Tuesday, 2 July 2013

Vindication Part II

... continued from previous post ...

The day before the school received the call that Ofsted were going to be in, I stayed in school - much to my own surprise - until pretty much close to 10pm. I made sure that my copying, printing and planning was done, that my room looked tidy and organised and that my displays were fresh and vibrant. Had I chosen to leave at 3.45pm, I would have been well within my right to do so since I owe the school no more of myself. This has been a difficult year and the school have just about fully absolved themselves of me. Institutions offer little loyalty to the individual.

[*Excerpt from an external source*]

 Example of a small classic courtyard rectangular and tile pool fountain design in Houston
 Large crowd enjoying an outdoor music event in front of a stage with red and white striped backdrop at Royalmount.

So why did I stay; why did I turn in all my reports, additional paperwork on time, and so on?

I'm not fully sure that I can pinpoint the exact reasons that I continued in the way that I did over the past few months. Professionalism, I guess. Remaining dignified and intact. Not letting the side down. All of those reasons, perhaps. Knowing that if I give positive energy, then those closest to me who receive my positive energy, will at some point give it back to me. Seems reasonable. Mostly, I'd stuck with my duties because it was the moral thing to do.

After the Management Team were briefed by the Inspectors, the headteacher came and sat next to me. She said that the Inspection Team had given my lesson a banding close to the 'Outstanding' category. I repeated that I felt I'd been exonerated thought ultimately I refuse to be enslaved to the opinions of those who like/don't like me personally. I'm not easily flattered and conversely, I refuse to be put down. Perhaps in saying so created an awkward moment for the head. I got the closest I would to hearing an apology and the past couple of days has been an attempt, I sense at damage repair.

The onus is on me to forgive and accept a type of rapprochement. Of course, it will never be publicly seen as a matter of apology and forgiveness - there are too many egos at stake, but for me it will never be the same. The politics within education is enough to turn one off. That sense of having been wronged will clearly now affect the decisions that I now make.